The sandwich ELISA is a very sensitive technique and has very high specificity.

Competitive ELISA

It is also called the inhibition ELISA or competitive immunoassay. This technique includes the concentration of an antigen by detection of signal interference.

The sample antigen meets a reference antigen for binding to a particular amount of labeled antibodies. The reference antigen is pre-coated on a well plate and the sample is pre-incubated with labeled antibody and mixed to the wells. Depending on the quantity of antigen in the sample, more or less free antibodies will be ready to bind the reference antigen. This means the more antigen there is in the sample, the less reference antigen will be detected and the weaker the signal.

Some competitive ELISA kits use labeled antigens rather the labeled antibody. The labeled antigen and the sample competes for the binding with the primary antibody. If the quantity of antigen is less in the sample, then the signal due to more labeled antigen in the well is stronger.

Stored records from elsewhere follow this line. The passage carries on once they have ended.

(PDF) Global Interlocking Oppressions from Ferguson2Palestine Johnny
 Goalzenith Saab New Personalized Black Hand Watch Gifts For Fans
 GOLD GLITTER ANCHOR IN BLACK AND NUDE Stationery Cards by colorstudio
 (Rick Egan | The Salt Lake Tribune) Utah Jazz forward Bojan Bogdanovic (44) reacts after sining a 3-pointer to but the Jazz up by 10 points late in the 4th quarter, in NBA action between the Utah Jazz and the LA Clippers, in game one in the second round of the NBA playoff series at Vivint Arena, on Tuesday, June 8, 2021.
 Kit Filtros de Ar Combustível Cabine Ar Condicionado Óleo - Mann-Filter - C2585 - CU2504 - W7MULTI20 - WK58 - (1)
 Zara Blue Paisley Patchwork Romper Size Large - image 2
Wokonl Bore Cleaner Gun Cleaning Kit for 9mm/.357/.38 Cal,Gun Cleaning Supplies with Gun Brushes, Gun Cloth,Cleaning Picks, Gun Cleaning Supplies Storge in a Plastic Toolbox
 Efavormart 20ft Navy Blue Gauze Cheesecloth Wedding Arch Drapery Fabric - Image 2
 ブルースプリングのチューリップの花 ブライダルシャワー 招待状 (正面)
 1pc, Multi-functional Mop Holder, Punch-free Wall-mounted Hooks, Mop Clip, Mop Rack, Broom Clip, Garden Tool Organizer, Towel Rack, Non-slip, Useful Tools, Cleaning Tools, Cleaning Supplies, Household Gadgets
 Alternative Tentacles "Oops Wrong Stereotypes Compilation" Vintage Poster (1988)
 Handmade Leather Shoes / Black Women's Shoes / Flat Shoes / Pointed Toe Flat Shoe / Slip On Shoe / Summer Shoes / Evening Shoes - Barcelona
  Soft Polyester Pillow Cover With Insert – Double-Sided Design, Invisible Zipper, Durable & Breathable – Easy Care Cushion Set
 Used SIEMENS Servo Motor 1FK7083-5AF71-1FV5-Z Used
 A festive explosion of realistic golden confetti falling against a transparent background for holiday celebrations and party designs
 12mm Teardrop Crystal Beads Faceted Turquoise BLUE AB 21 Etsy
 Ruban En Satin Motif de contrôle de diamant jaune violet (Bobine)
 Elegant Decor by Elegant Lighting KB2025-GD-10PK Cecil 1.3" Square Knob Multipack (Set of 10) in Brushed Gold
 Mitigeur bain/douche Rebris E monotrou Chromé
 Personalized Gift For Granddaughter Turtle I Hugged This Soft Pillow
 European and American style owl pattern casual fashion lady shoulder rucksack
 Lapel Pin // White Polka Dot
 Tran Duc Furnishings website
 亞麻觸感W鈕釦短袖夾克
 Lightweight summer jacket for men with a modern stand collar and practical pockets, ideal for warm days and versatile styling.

Advantages of ELISA technique

• It is a highly sensitive technique and very high specificity.
• It is used for the detection of antigens at the picogram level in a very accurate manner because of the use of specific antibodies.
• It is a high throughput procedure because the commercial ELISA kits have ninety-six well plates but the assay can be easily adapted to three hundred eighty-four well plates.
• The protocols are very easy to follow and it is very easy to perform and involves only a little hands-on time.
• This technique is quantitative in nature.
• It can be used for examining the concentration of antigen in a biological sample.
• It is used to test the various types of a biological sample such as;

  • Serum
  • Plasma
  • Cellular and Tissue extracts
  • Urine, and,
  • Saliva, etc.

Disadvantages of ELISA technique

• In this technique, the detection is based on antigen and antibody reactions and therefore readout must be obtained in a short period.
• The information is very limited to the presence of the antigen in the biological sample.

Application of ELISA

• It is used for cancer screening to drug and pregnancy testing.
• It is used for the detection of platelet antibodies.
• It is used to identify food allergens.
• It is a type of immunological assay which is used to measure the antibodies, antigens, proteins, and glycoproteins in biological samples.